YOUR OBJECTIVE: Below, some lines carry pictures; leave those pictures out and retype exactly the lines from the one with "kitchen featuring wall" through the one with "hiding behind umbrella".

Short descriptive text snippets:
========
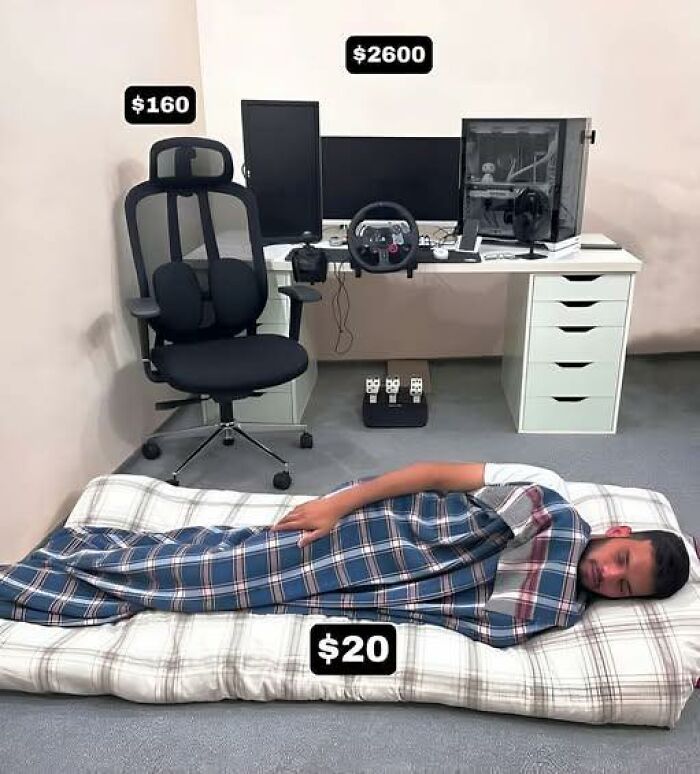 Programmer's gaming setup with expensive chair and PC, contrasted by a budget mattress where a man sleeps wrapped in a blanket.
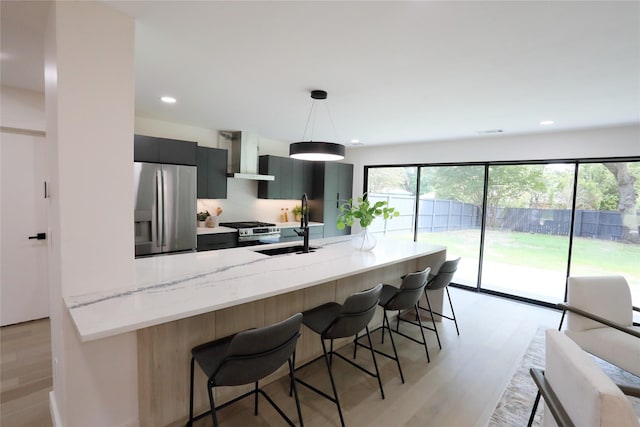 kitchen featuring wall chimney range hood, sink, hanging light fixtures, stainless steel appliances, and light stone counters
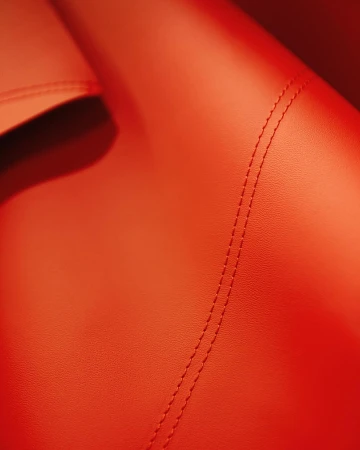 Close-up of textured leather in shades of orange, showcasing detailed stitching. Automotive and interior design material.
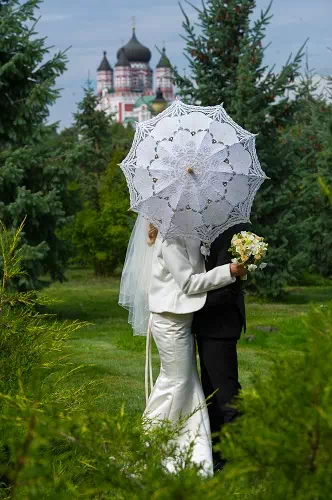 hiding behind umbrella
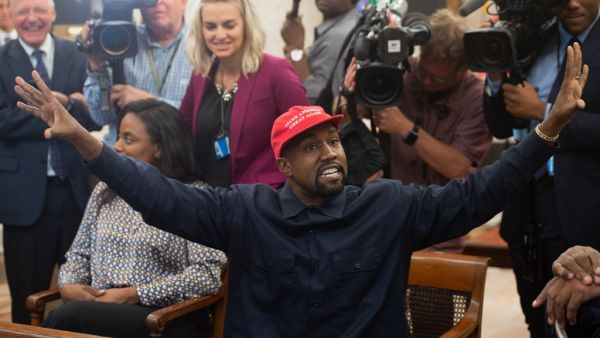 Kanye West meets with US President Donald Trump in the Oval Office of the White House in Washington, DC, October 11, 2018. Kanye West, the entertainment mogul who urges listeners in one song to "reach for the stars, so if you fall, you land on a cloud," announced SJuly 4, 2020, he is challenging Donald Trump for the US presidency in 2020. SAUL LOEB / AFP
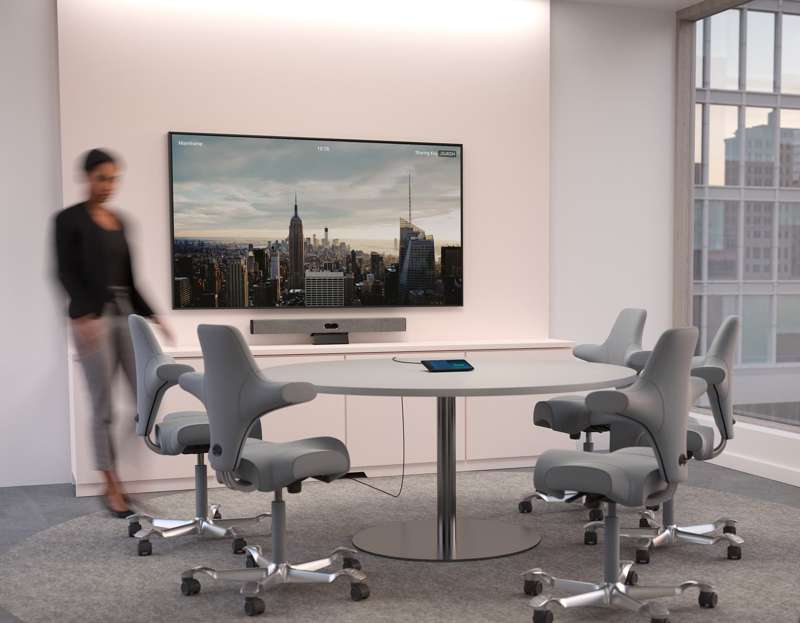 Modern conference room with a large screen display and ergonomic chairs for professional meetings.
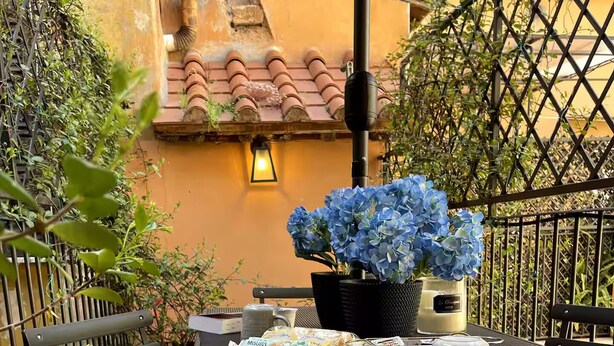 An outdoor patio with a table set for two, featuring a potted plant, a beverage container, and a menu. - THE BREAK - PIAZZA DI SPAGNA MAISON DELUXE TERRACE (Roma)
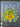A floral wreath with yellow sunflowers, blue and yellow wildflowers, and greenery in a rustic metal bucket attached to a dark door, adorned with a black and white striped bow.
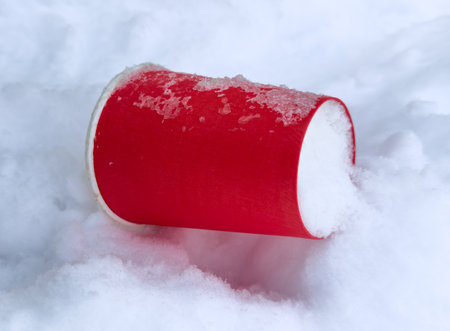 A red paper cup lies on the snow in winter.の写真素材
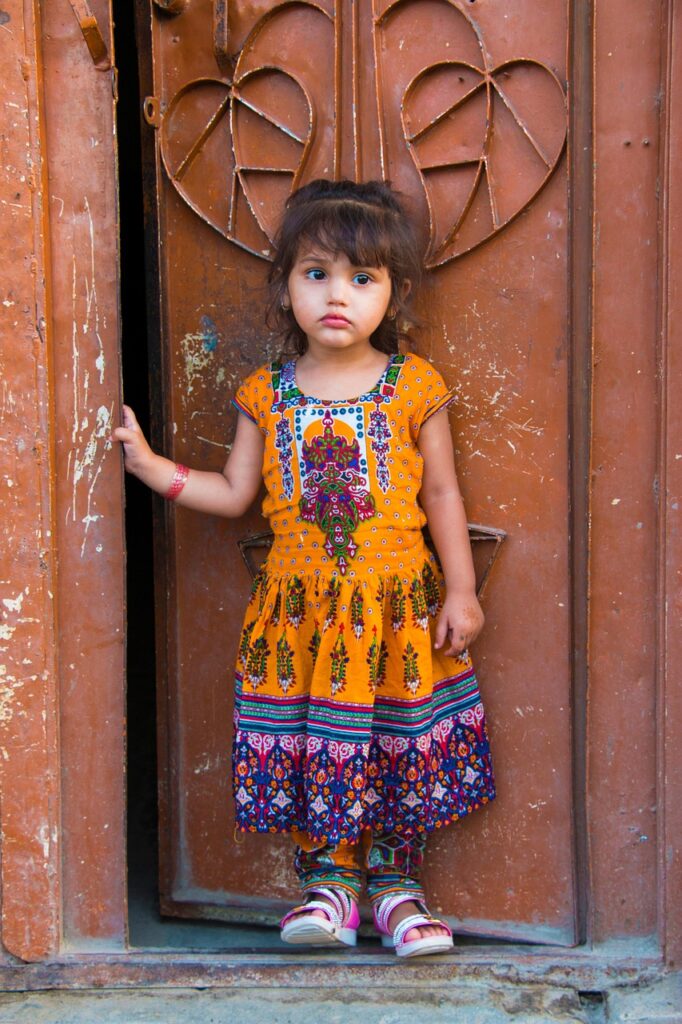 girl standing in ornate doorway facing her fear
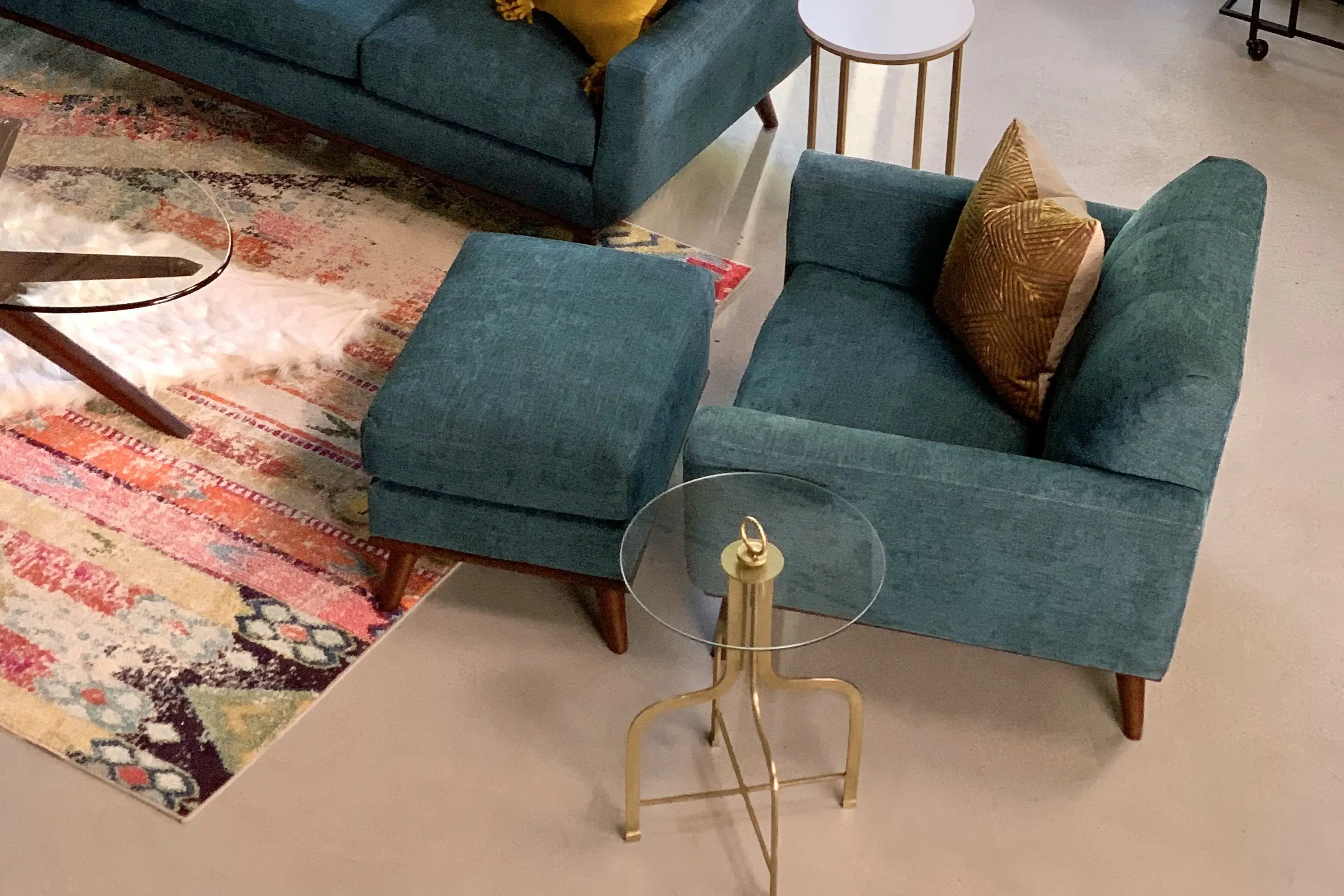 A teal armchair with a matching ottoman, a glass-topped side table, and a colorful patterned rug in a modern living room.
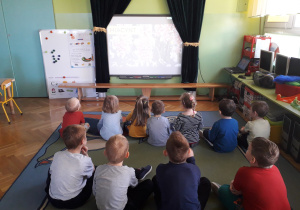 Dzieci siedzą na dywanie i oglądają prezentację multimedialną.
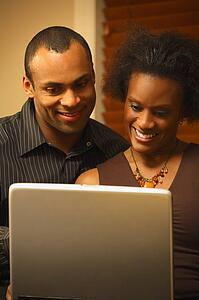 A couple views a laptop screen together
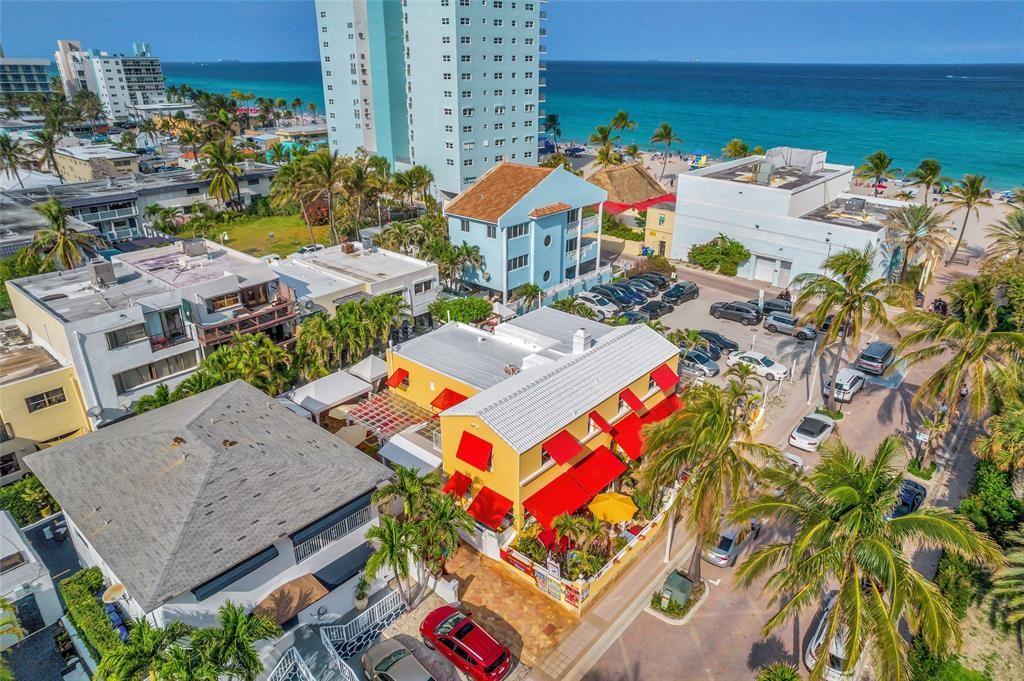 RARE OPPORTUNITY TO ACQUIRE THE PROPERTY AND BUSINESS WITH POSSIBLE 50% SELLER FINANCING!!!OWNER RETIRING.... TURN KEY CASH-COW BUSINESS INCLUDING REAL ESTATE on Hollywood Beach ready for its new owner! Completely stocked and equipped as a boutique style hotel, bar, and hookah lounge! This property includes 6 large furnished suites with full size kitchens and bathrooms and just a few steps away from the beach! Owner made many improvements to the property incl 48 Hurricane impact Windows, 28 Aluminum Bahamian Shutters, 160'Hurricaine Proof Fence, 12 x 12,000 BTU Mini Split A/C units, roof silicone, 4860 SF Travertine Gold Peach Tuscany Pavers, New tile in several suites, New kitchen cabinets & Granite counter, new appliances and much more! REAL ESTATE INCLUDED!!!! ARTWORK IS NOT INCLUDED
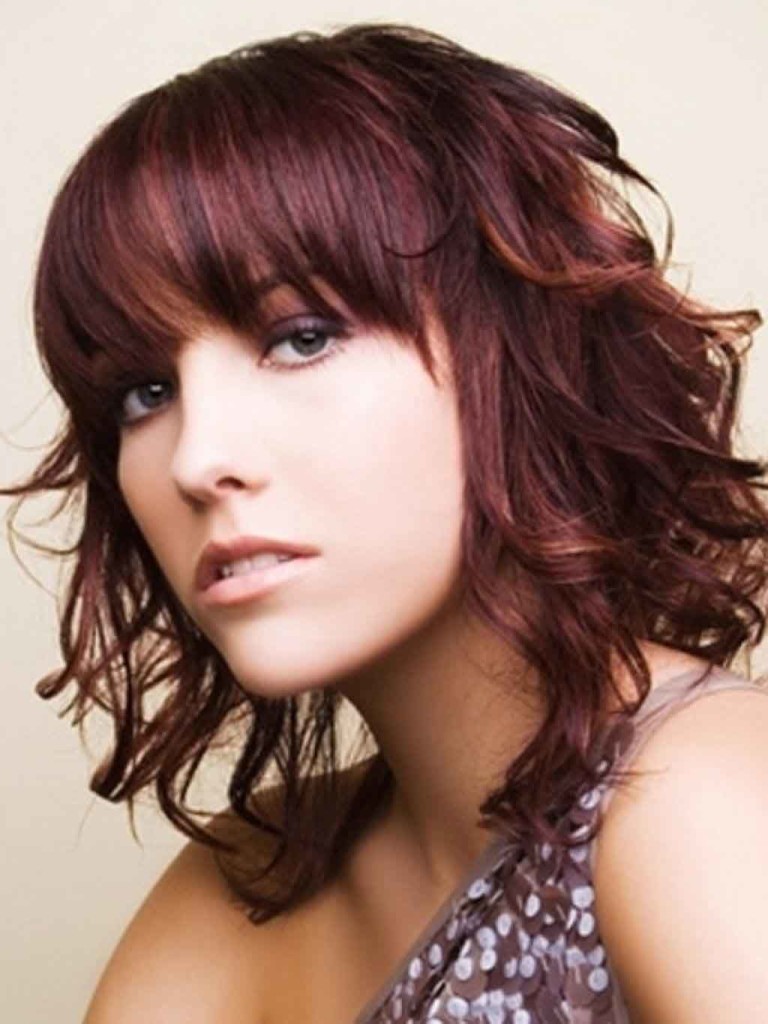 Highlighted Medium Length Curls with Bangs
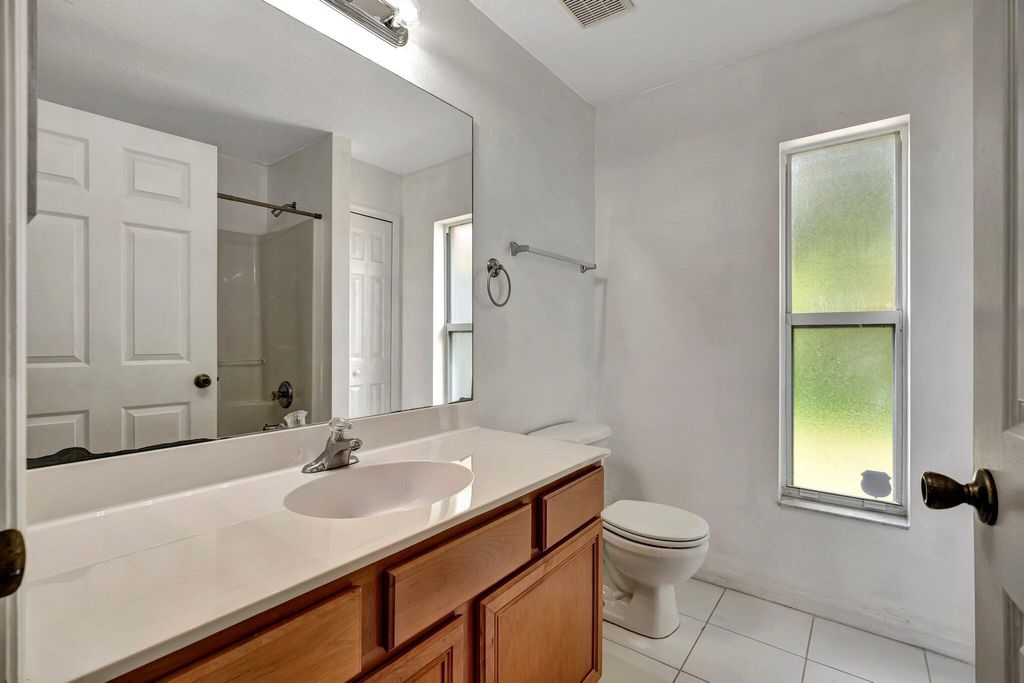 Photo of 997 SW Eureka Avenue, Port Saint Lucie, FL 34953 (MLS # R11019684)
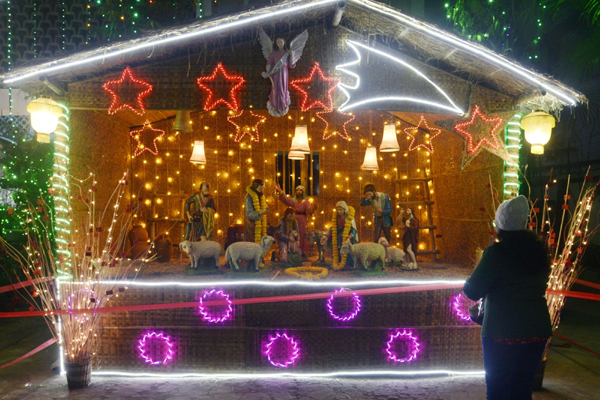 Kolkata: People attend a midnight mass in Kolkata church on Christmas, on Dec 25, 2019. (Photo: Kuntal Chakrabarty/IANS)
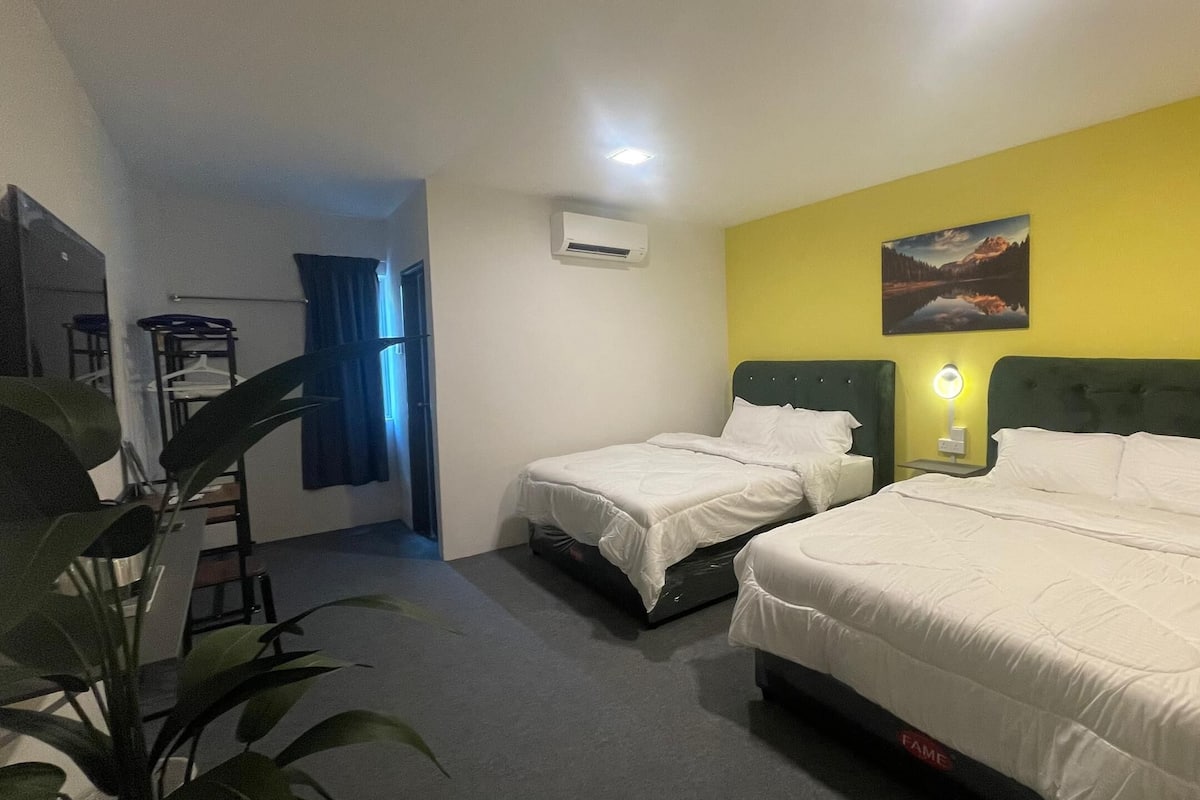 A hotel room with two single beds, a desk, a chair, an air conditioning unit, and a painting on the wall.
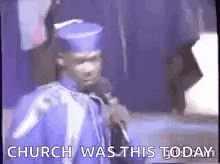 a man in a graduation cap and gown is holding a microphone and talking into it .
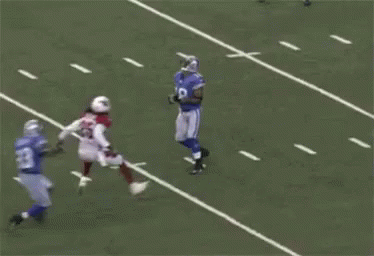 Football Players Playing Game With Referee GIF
========
RESULT:
 kitchen featuring wall chimney range hood, sink, hanging light fixtures, stainless steel appliances, and light stone counters
 Close-up of textured leather in shades of orange, showcasing detailed stitching. Automotive and interior design material.
 hiding behind umbrella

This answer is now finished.